- Original authors: Ernie Lewis and Doug Wallace
- Initial release: 1998
- Written in: QBasic, MATLAB, Python, Microsoft Excel
- Available in: English
- Website: https://cdiac.ess-dive.lbl.gov/ftp/co2sys/ https://pyco2sys.readthedocs.io/en/latest/ https://ecology.wa.gov/Research-Data/Data-resources/Models-spreadsheets/Modeling-the-environment/Models-tools-for-TMDLs

= CO2SYS =

CO2SYS is a family of software programs that calculate chemical equilibria for aquatic inorganic carbon species and parameters. Their core function is to use any two of the four central inorganic carbon system parameters (pH, alkalinity, dissolved inorganic carbon, and partial pressure of carbon dioxide) to calculate various chemical properties of the system. These programs are widely used by oceanographers and limnologists to understand and predict chemical equilibria in natural waters.

== History ==
Chemical equilibria in marine and freshwater systems were calculated according to various conventions for most of the 20th century, which led to discrepancies among laboratories' calculations and limited scientific reproducibility.
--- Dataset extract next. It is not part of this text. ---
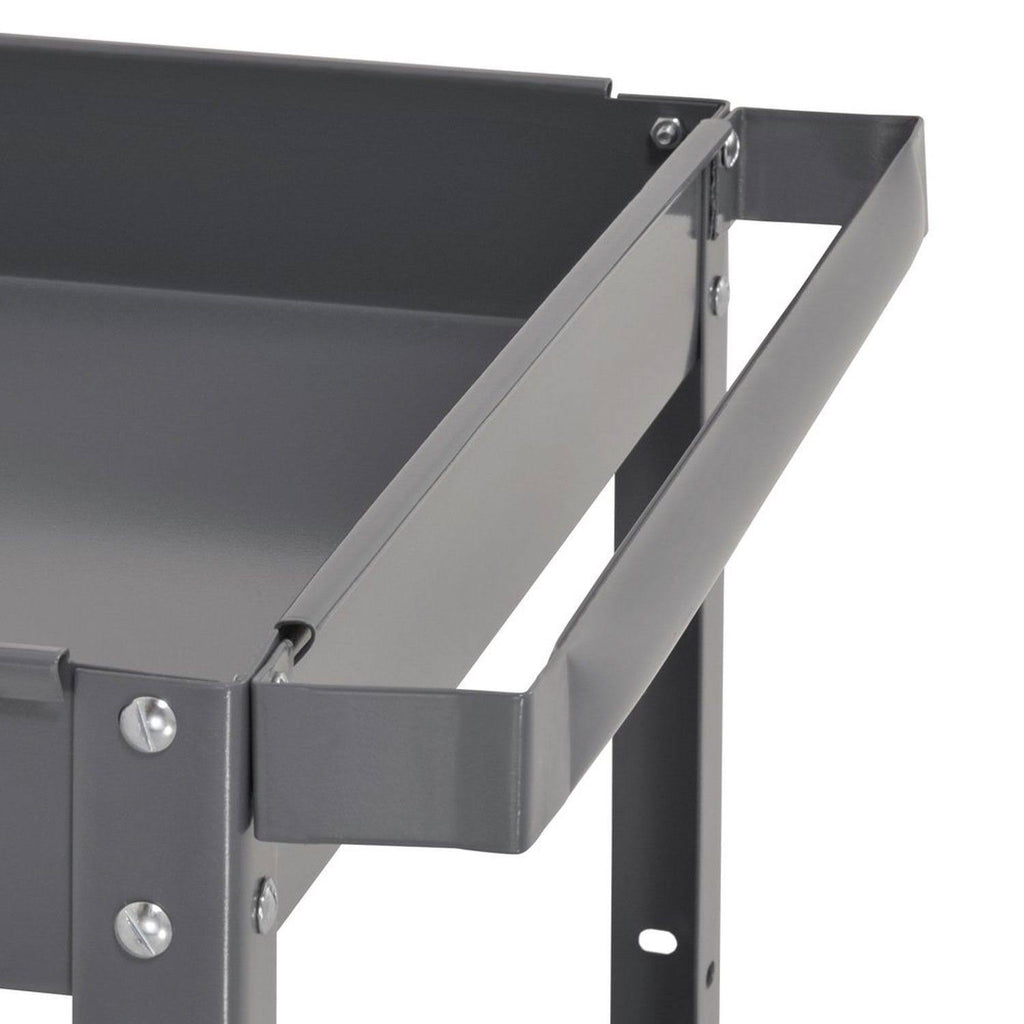Industrial Gray Steel Service Cart 500lbs Capacity X234572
CO2SYS was first published by Ernie Lewis and Doug Wallace in 1998 as a DOS-interface program written in QBasic. Subsequent developments have included several MATLAB implementations, two Microsoft Excel templates, a Python package "PyCO2SYS", and an R package inspired by CO2SYS, "seacarb". Development of the various CO2SYS programs continues as of 2021 with the addition of more chemical equilibrium parameters and compatibility with a wider range of environments, e.g. anoxic waters.

== Chemical Overview ==
The aquatic inorganic carbon system is composed of the various ionic, dissolved, solid, and/or gaseous forms of carbon dioxide in water. These species include dissolved carbon dioxide, carbonic acid, bicarbonate anion, carbonate anion, calcium carbonate, magnesium carbonate, and others. The relative amounts of each species in a body of water depends on physical variables including temperature and salinity, as well as chemical variables like pH and gas partial pressure. Variables like alkalinity and dissolved (or total) inorganic carbon further define a mass and charge balance that constrains the total state of the system.

Given any two of the four central inorganic carbon system parameters (pH, alkalinity, dissolved inorganic carbon, partial pressure of carbon dioxide) the remainder may be derived by solving a system of equations that adhere to the principles of chemical thermodynamics.